原先的规划全打乱了, 他试图稳重地分辩:“胜玉, 我跟徐家只是一场交易。”
“交易?”胜玉喃喃地重复了这两个字,像是有点被刺痛了, 移开了目光,看着别处地砖的缝隙, 说, “秦晋之好嘛, 我知道的呀。”
李樯松了口气, 又再一次地强调:“你不用放在心上,这跟你我之间没有什么关系。”
“是吗?”胜玉还是看着别处, 眼神清澈又有些懵懂,像清晨花叶上的露水,带着一点点的忧郁和好奇,“李樯,你是打算什么时候跟我断了呢?”

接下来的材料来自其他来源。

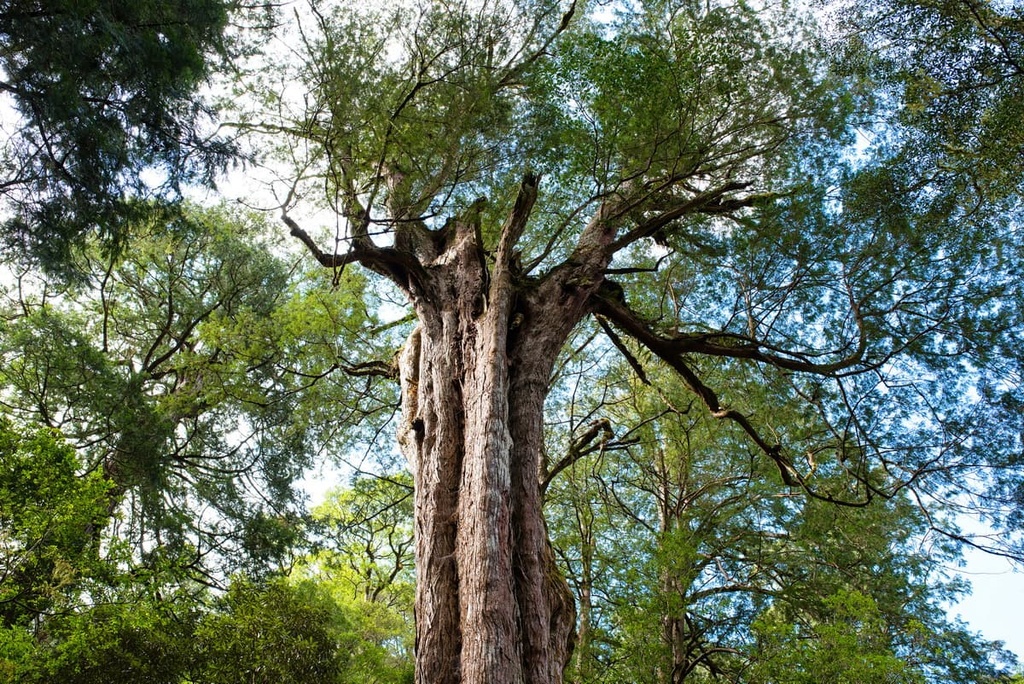 Taoyuan City, Taiwan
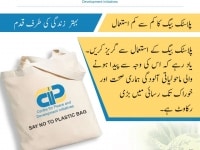 Say No to Pastic Bags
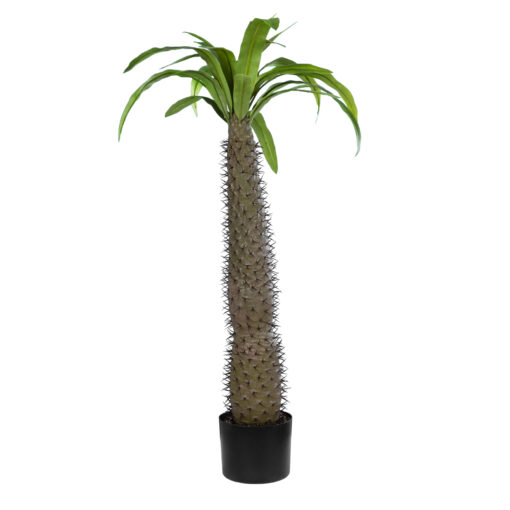 GloboStar® GloboStar® Artificial Garden PACHYPODIUM LAMEREI PALM TREE 20129 Τεχνητό Διακοσμητικό Φυτό Φοίνικας της Μαγαδασκάρης Υ105cm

事到如今, 她是真的有点想知道, 李樯什么时候才算是腻了这个“游戏”。
李樯眼睛霍然睁大了些, 像是被人踩到小脚趾一样,差点跳了起来。
“胜玉,你在说什么,我没打算断!”
胜玉几乎是一字一顿地说:“可是,你要,成婚。”
李樯拧着眉。
“胜玉,你根本没必要在意徐稚柳。”
胜玉无声地笑了笑。
“是吗?”
她说,“看来徐小姐很大度。”
李樯看着她的笑容,心里愈加发虚。
他觉得自己应该要跟胜玉说明其中的利害,说清自己不得不如此做的理由,但是又觉得那些算计实在无聊,不值一提。
最后只说:“胜玉,我们还是同从前一样。”
胜玉没有接话。
同从前一样?
怎么一样。
她甚至在心中玩笑,李樯是不是觉得他与柳小姐成亲人手不够,还需要带上她在一旁给柳小姐送礼物。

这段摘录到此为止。